Stenehjem also wrote that the Legislature has sole authority to seat its members, and that Burgum's move would disenfranchise thousands of voters.
"They will suffer prejudice at the hands of a public official who was supposed to vigilantly guard their right to vote, not attack it after an election has already taken place," wrote the attorney general, a fellow Republican of the first-term governor who won reelection this month.
Governor's spokesman Mike Nowatzki has said Burgum "is fulfilling his Constitutional responsibility to fill the District 8 seat because there is no state law that applies to this unique situation."
In their briefs also filed Thursday, District 8 Republicans argued that district voters were aware of Stenehjem's opinion and knew that votes for Andahl would result in a Republican representative should he win.
"The will of the people in District 8 and the choice they made should be affirmed," Bismarck attorney John Olson wrote.
Political observers have pointed out the intraparty Republican politics at play. Burgum in 2016 handily defeated Stenehjem, the state's longest-serving attorney general, for the Republican gubernatorial nomination from voters.
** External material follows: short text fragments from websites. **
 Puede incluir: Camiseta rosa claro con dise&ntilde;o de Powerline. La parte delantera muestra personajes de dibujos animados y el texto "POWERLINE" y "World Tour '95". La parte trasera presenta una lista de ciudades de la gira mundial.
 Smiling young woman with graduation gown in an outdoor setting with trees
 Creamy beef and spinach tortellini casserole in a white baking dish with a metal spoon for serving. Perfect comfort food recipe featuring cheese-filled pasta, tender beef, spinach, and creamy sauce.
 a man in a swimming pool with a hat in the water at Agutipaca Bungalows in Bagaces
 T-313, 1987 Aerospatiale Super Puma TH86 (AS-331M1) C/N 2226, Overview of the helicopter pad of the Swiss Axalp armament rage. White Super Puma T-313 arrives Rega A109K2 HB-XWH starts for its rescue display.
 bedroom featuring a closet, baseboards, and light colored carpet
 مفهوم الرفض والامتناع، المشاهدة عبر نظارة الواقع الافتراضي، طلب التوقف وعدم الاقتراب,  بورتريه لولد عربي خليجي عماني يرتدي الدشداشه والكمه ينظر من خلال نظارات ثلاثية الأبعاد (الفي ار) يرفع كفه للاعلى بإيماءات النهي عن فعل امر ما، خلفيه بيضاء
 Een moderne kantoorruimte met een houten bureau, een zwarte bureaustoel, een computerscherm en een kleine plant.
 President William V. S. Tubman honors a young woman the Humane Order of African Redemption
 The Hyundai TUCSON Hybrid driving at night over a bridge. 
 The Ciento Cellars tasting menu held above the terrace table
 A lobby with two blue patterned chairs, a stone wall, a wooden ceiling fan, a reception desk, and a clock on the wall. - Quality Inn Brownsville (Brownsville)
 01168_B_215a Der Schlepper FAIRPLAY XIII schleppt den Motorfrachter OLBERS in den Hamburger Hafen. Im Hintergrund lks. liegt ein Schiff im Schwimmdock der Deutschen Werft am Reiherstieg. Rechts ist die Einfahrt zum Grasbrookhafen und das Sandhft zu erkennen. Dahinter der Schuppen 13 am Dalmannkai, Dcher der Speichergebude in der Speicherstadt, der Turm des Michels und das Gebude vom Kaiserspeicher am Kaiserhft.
Before the 2019 Legislature convened, Delzer led a rule change that shifted how lawmakers considered Burgum's proposals. Burgum later said he felt his executive budget had been "tossed in the garbage." Delzer said all of Burgum's proposals were fully vetted and many were adopted, and that the rule change was years in the making and added more transparency in budget writing.
Democrats say that votes for Andahl are a "collective 'nullity'" and shouldn't be counted.
Attorneys for the party argue Volochenko should be seated, and that Burgum "is without authority to appoint any person to be a member of the Legislative Assembly."
"There were three eligible candidates on the ballot seeking two available seats, and two of those people received votes. Those two people should fill the seats the voters were filling on that day," attorneys for Volochenko argue in briefs.
State lawmakers take office Dec. 1; that's also when the Legislature's organizational session begins.
Republicans hold supermajorities in the House and Senate with 65 victories in 69 legislative races this year.